Coherent Structure Dynamics of Heat Transfer in Wakes of an Inclined Elliptical Cylinder: A Novel Lagrangian Framework

TL;DR

This paper presents a new Lagrangian framework to analyze heat transfer in the wake of an inclined elliptical cylinder, linking flow structures with heat transfer dynamics across various angles.

Contribution

It introduces a novel Lagrangian-based method to predict heat transfer behavior by analyzing the evolution of coherent flow structures in unsteady wakes.

Findings

Active saddle points correlate with surface heat transfer trends.

Displacement of saddle points influences heat transfer efficiency.

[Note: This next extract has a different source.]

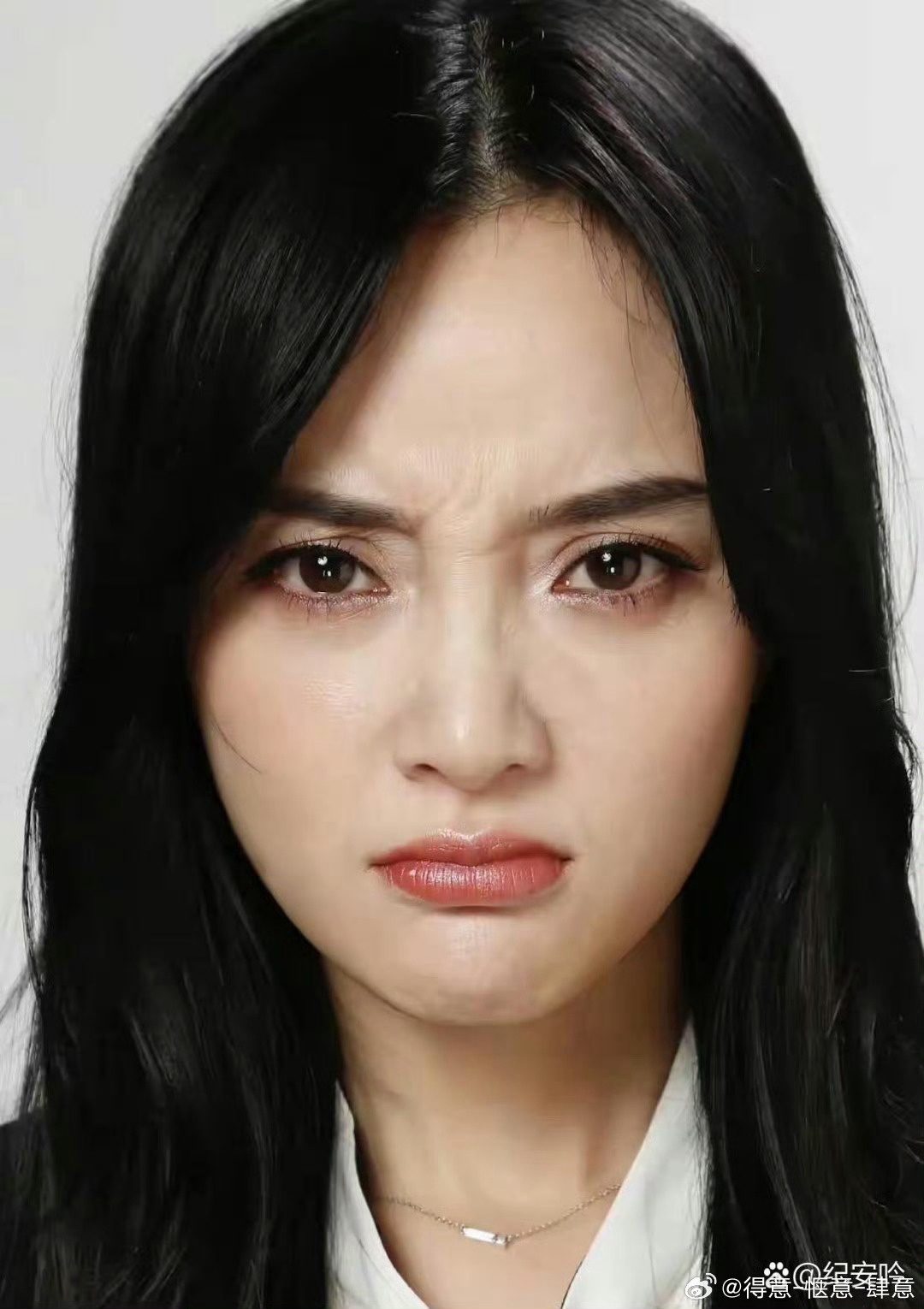李小璐都43了‏﻿，双‌眼皮‍割得也太宽了⁠﻿‌吧，欧⁠‍⁠式大双真的‏⁠不好看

The framework predicts key transitional events in heat transfer profiles.

Abstract

This work introduces a novel Lagrangian-based framework to analyze forced convective heat transfer in the unsteady wake of a heated elliptical cylinder inclined at angles ranging from $\theta = 0^\circ$ to $90^\circ$, in $15^\circ$ increments with $Pr = 0.71$ at a fixed Reynolds number of $Re = 100$. The framework correlates the temporal evolution of the surface-averaged Nusselt number with the dynamic behavior of Lagrangian saddle points, formed at the intersection of repelling and attracting Lagrangian Coherent Structures (LCSs) extracted via Finite-Time Lyapunov Exponent (FTLE) fields.The study is carried out within a precisely constructed observational domain, a previously unreported influential region in the near-wake, where the trajectory analysis of the newly defined key saddle points (active saddle points) consistently aligns with the trends in surface heat transfer. This domain enables predictive identification of key transitional events in the Nusselt number profile, including local extrema and slope inflections, across all inclination angles. The analysis reveals that oblique displacement of active saddle points enhances heat transfer by promoting the shedding of repelling LCSs, while parallel displacement leads to weakened heat transfer due to the delayed detachment of repelling coherent structures. The proposed framework enables the construction of a temporal function that closely replicates the monotonicity and transitional features of the Nusselt number evolution. Furthermore, threshold displacement metrics are defined for dominant repelling LCSs to correspond with peak heat transfer efficiency. The proposed methodology not only generalizes across a wide range of inclination angles but also provides a physically interpretable framework for predicting heat transfer enhancement based on coherent structure evolution in unsteady flows.